Don’t turn to the best-seller lists for advice on change, advises Carter, since most books pick up the story after a business has made the strategic decision to remake itself. Carter’s decade (1991-2001) with Boston’s venerable State Street Bank helps illuminate the thinking that comes before the decision, and the steps necessary to fulfill it.

State Street, Carter recounts, had focused primarily on processing transactions, such as the purchase or sale of stocks and bonds, only to watch its key products age, and revenues drop. At the same time, “customers were asking us for more and more information,” such as the IBM pension manager’s request for the geographic distribution of his plan’s mutual funds. State Street did not then have a sophisticated enough network to provide such data. So the bank came to realize it needed “a new vision and operating model.”

Carter and top managers figured out that “each security purchase or sales threw off about 25 pieces of information we could actually sell.” So they set about determining what new services State Street could feasibly offer, and how to package these into a new business model for the bank, one where the revenue potential was much higher.

Managers produced a large egg-shaped chart, a graphical depiction dividing the future State Street empire into revenue-producing activities. This was accompanied by a “food chain analysis,” an attempt to determine where the competition lay in different services, and where the greatest opportunities were for a higher margin.
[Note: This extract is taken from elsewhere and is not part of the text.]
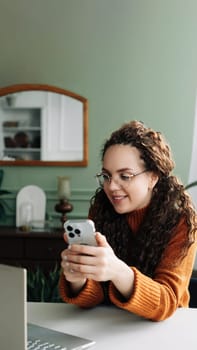Young happy smiling pretty woman sitting at table holding smartphone using cellphone modern technology, looking at mobile phone while remote working or learning, texting messages at home
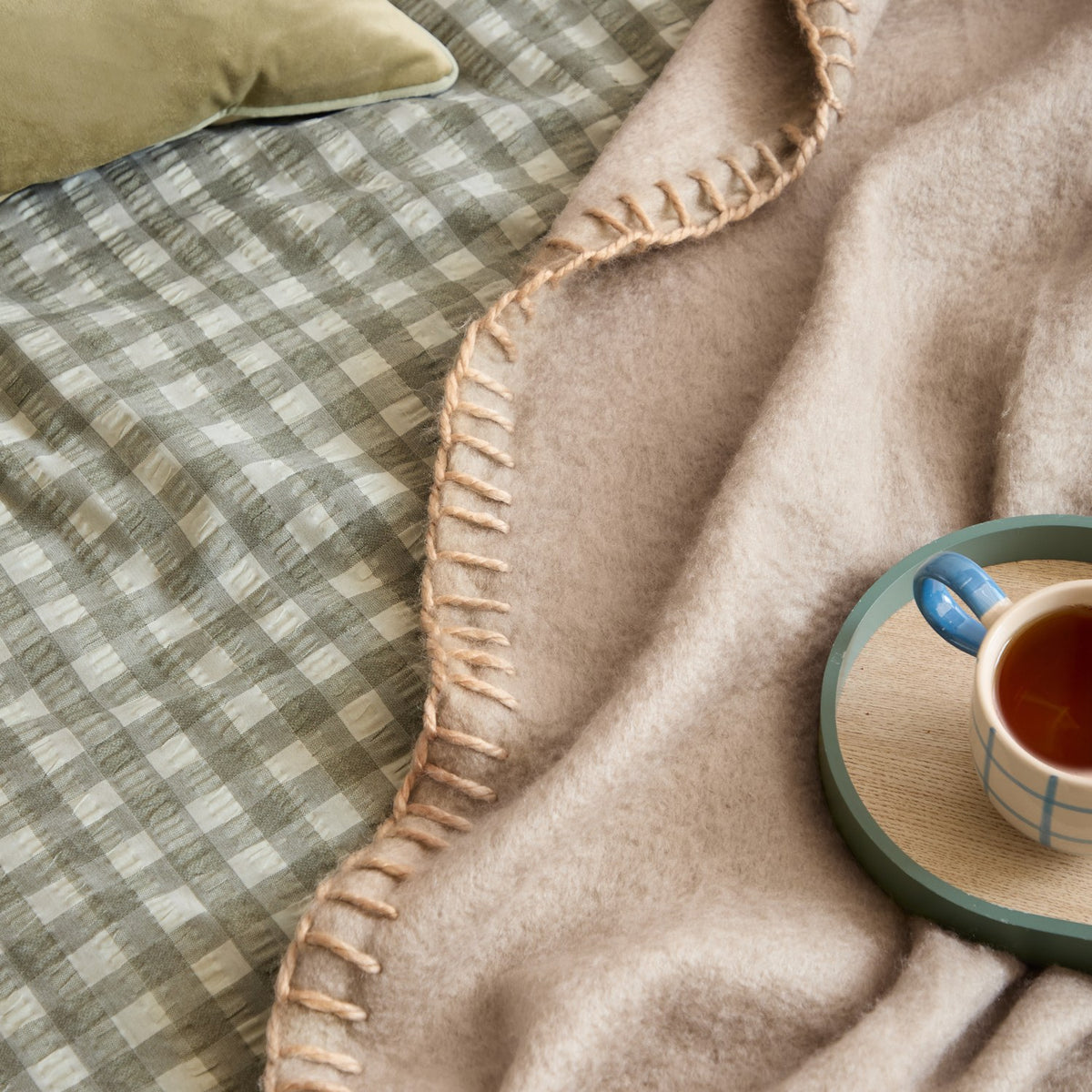 Lowen Wool Plain Polyester Throw in natural beige with hand-worked blanket-stitch edging, draped on a bed beside a green gingham duvet and cup of tea.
Central to the plan’s success, Carter notes, was the integration of IT strategy into the business and financial model. Staff had to support the new activities, including developing and managing migration to new information technology on a global basis.

Carter warns that whenever a company shifts to a new operating model, “it must protect traditional revenue sources, as the new strategic revenue generators may be delayed.” He advises as well that “early wins are essential to convince people that resist change, that change is irresistible.” This might mean attacking more easily won targets first, to prove that the model works and to banish employee skepticism. And a company might need to defend its performance (long-term aims) against Wall Street critics seeking higher short-term earnings.